Alignment, endowing a pre-trained Large language model (LLM) with the ability to follow instructions, is crucial for its real-world applications. Conventional supervised fine-tuning (SFT) methods formalize it as causal language modeling typically with a cross-entropy objective, requiring a large amount of high-quality instruction-response pairs. However, the quality of widely used SFT datasets can not be guaranteed due to the high cost and intensive labor for the creation and maintenance in practice. To overcome the limitations associated with the quality of SFT datasets, we introduce a novel \textbf{p}reference-\textbf{o}riented supervised \textbf{f}ine-\textbf{t}uning approach, namely PoFT. The intuition is to boost SFT by imposing a particular preference: \textit{favoring the target model over aligned LLMs on the same SFT data.} This preference encourages the target model to predict a higher likelihood than that predicted by the aligned LLMs, incorporating assessment information on data quality (i.e., predicted likelihood by the aligned LLMs) into the training process. Extensive experiments are conducted, and the results validate the effectiveness of the proposed method. PoFT achieves stable and consistent improvements over the SFT baselines across different training datasets and base models. Moreover, we prove that PoFT can be integrated with existing SFT data filtering methods to achieve better performance, and further improved by following preference optimization procedures, such as DPO.

Paper Structure

This paper contains 24 sections, 14 equations, 5 figures, 8 tables.

Figures (5)

  • Figure 1: The overall modeling framework of PoFT. By leveraging the Bradley-Terry ranking objective, we impose a particular preference that favors the target model over the aligned LLMs on the same SFT data.
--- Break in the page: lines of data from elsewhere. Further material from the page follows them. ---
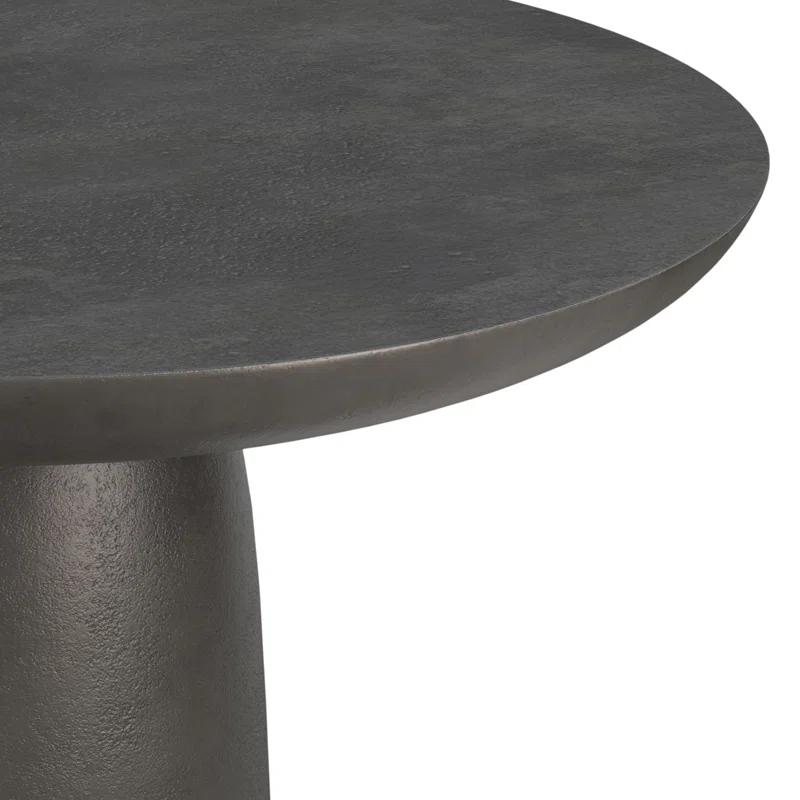 Simpli Home Alexa 30"W Cast Aluminum Mid-Century Modern Round Coffee Table with Pedestal Base, Fully Assembled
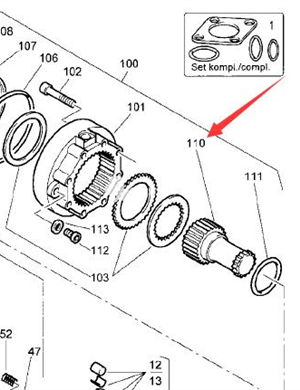 BOMAG Walking Motor Brake Shaft Part Number 05818096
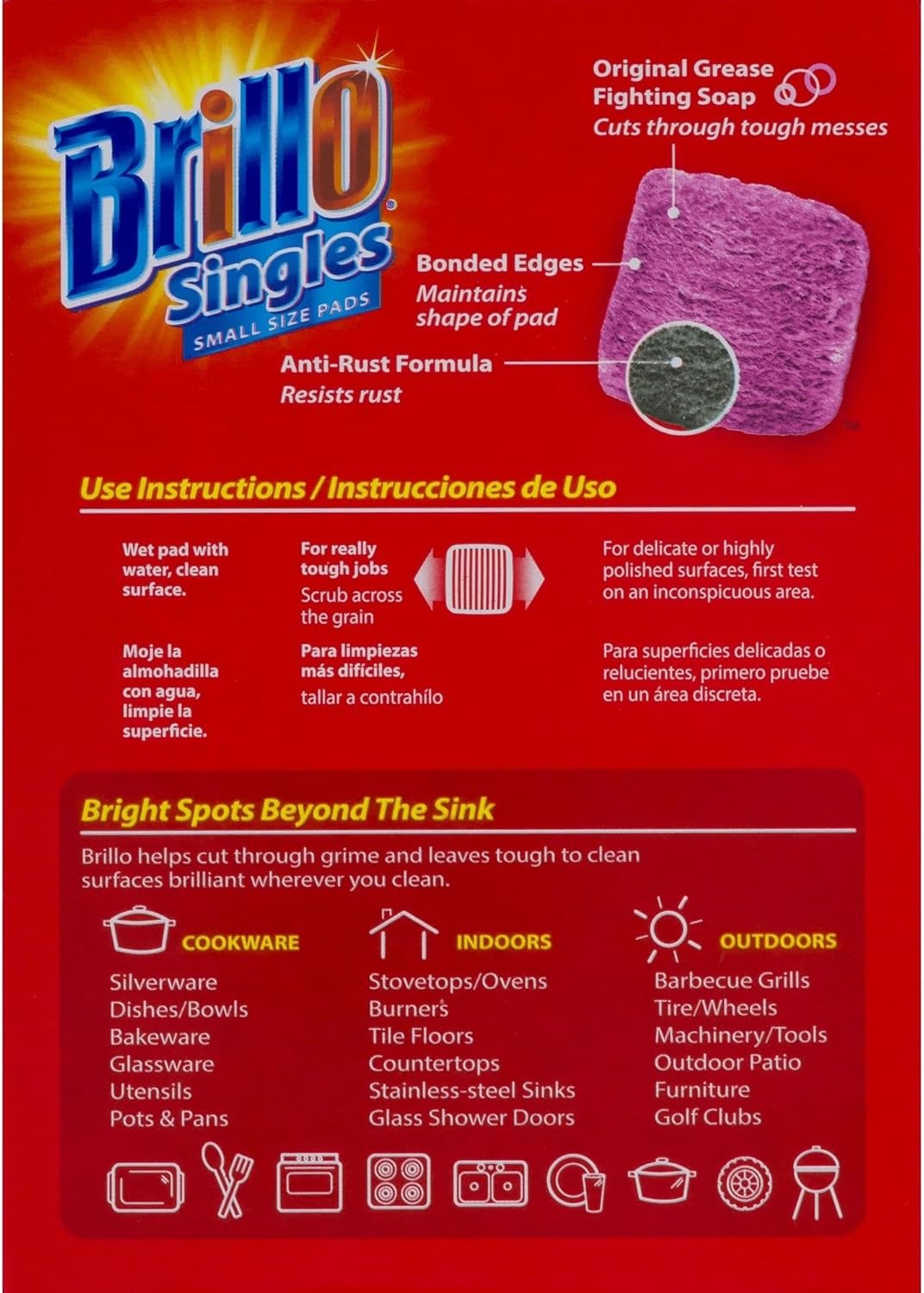 Brillo Single Use Steel Wool Soap Pads, Smaller Size Original Red Scent, 15 Coun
Note that the preference score is generated based on the corresponding predicted likelihood.
  • Figure 2: Preference scores generated by aligned LLMs across different training datasets. Note that PDF stands for the probability density function.
  • Figure 3: Analysis and model performances on quality-limited data. (a) Preference score distributions of data-limited datasets - Alpaca and Dolly, compared to OpenHermes. Note that PDF stands for the probability density function. (c) Performances of PoFT and SFT models training with Alpaca. (d) Performances of PoFT and SFT models training with Dolly. (d) Preference score distributions of hand-crafted noise data on OpenHermes. The increase in the long-trail part indicates the distribution of the noise data. (e) Performances of PoFT and SFT models training with hand-crafted noise data.
  • Figure 4: Performance of Mistral-7B trained with different percentages of data on Open LLM Leaderboard.
  • Figure 5: Performances of bi-PoFT models training with hand-crafted noise data (50k/100k) across epochs on Open LLM Leaderboard. For comparison, we present the results of PoFT models trained solely with the original SFT data.